▶ _What to do_
Each line below needs to be returned exactly. Skip any picture.

▶ _Provided material_
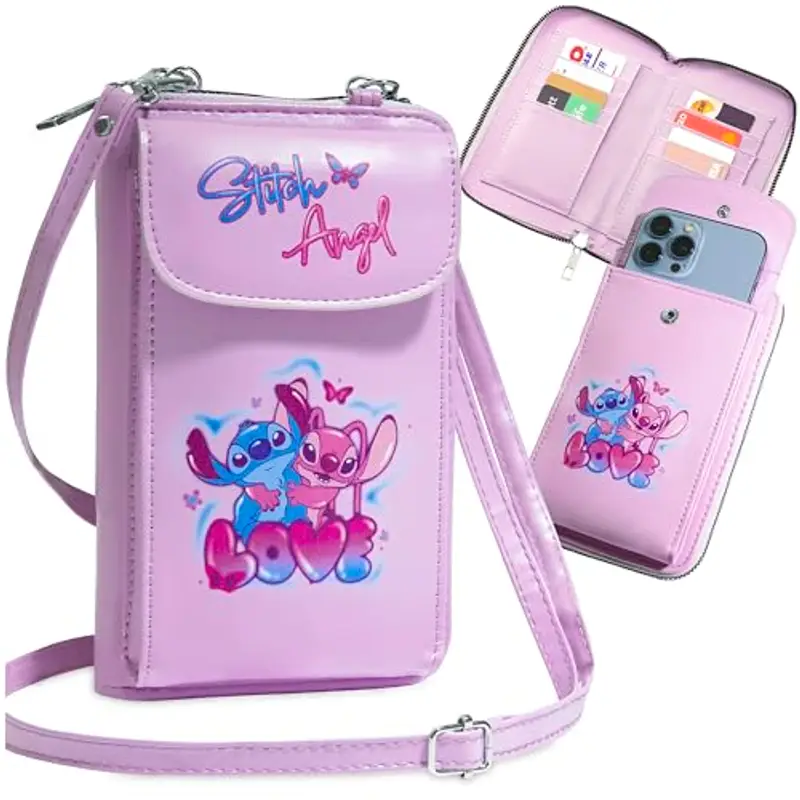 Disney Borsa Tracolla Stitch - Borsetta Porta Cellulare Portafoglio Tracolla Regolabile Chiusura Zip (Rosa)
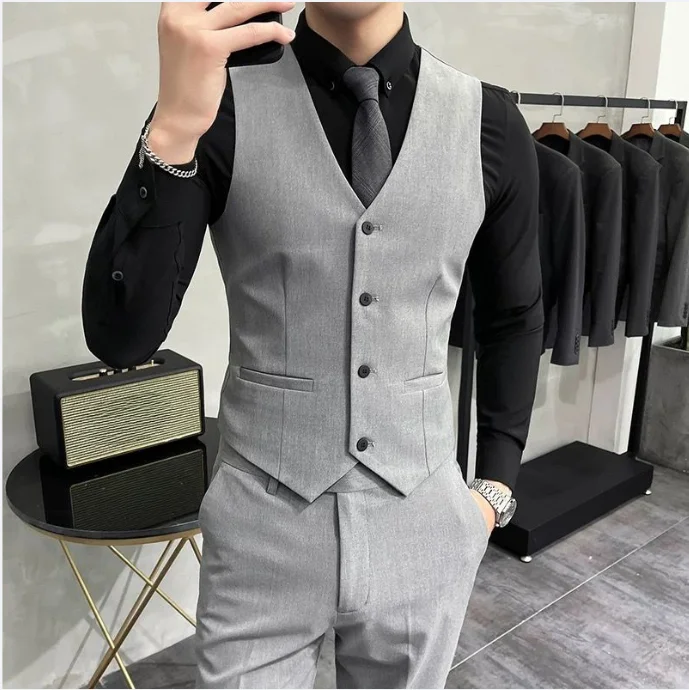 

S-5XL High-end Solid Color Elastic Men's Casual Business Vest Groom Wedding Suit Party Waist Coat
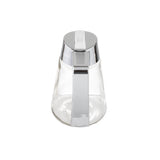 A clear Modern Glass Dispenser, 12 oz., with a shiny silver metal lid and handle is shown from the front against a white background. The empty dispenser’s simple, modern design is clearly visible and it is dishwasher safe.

▶ _Task solution_
 Disney Borsa Tracolla Stitch - Borsetta Porta Cellulare Portafoglio Tracolla Regolabile Chiusura Zip (Rosa)

S-5XL High-end Solid Color Elastic Men's Casual Business Vest Groom Wedding Suit Party Waist Coat
 A clear Modern Glass Dispenser, 12 oz., with a shiny silver metal lid and handle is shown from the front against a white background. The empty dispenser’s simple, modern design is clearly visible and it is dishwasher safe.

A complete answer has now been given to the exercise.